In the letter, Hotchkis & Wiley said the deal is tolerable and there are facts to prove that. However, it expressed concerns that since the deal came up, CB&I has posted dismal results raising questions of how long it will take to fix its business. However, McDermott said it is very optimistic that the deal will be in the best of interest of the company and its shareholders.
In the letter, a spokesman of McDermott said the acquisition creates a company which will span the whole value chain from concept to commissioning. He added that combination will create a lot of value, make the combined company even more competitive as well as allow a more consistent and predictable performance through market cycles.

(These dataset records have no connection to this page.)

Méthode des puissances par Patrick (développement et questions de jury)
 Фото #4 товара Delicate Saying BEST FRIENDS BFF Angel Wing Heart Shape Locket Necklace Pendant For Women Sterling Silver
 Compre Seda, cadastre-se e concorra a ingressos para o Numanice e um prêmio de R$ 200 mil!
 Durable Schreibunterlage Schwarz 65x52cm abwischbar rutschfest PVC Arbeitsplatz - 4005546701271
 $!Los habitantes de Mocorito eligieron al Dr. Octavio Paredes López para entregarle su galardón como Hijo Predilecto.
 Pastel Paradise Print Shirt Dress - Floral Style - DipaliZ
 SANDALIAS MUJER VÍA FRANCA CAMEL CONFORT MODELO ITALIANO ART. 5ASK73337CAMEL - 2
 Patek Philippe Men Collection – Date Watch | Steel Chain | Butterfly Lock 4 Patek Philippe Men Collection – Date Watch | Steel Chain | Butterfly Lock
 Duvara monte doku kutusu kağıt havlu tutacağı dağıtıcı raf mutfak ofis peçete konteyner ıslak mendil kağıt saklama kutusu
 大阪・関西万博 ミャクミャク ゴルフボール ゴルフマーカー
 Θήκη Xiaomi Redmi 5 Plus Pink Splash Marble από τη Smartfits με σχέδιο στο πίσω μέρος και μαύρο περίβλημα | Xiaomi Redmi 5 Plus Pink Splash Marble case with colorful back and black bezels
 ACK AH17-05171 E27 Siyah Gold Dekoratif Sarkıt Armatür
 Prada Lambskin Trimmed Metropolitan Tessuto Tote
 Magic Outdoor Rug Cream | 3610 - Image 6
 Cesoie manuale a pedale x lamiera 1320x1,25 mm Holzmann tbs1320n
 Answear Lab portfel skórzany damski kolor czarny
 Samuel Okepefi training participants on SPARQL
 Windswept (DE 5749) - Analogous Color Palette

The spokesman further noted that the management style applied by McDermott has proven to deliver sustainable, profitable growth. He adds that by employing this operational excellence on the combined portfolio, the company will position itself as the best-in-class integrated solutions provider, which is driven by consistency in its processes, systems, execution as well as culture. The spokesman said the management style will benefit the company’s shareholders by unlocking value in the short and long-term. Both companies, according to the spokesman, have secured all the required regulatory approvals and are well positioned to complete the deal. The acquisition is expected to be completed by the second quarter of 2018. McDermott is expected to hold a special shareholders meeting on May 2.
In other news, McDermott Technology (US), Inc and McDermott Technology (Americas),which are subsidiaries of McDermott have priced $1.3 billion of 10.625% senior unsecured notes. The notes are expected to mature in 2024. The offering is expected to be settled on April 18, 2018 and its settlement will be subject to customary closing conditions.
Initially, the notes will be issued by McDermott Escrow 1, Inc. plus McDermott Escrow 2, Inc. Both are special purpose companies created under the laws of the State of Delaware and are subsidiaries of Stichting Hydra Notes.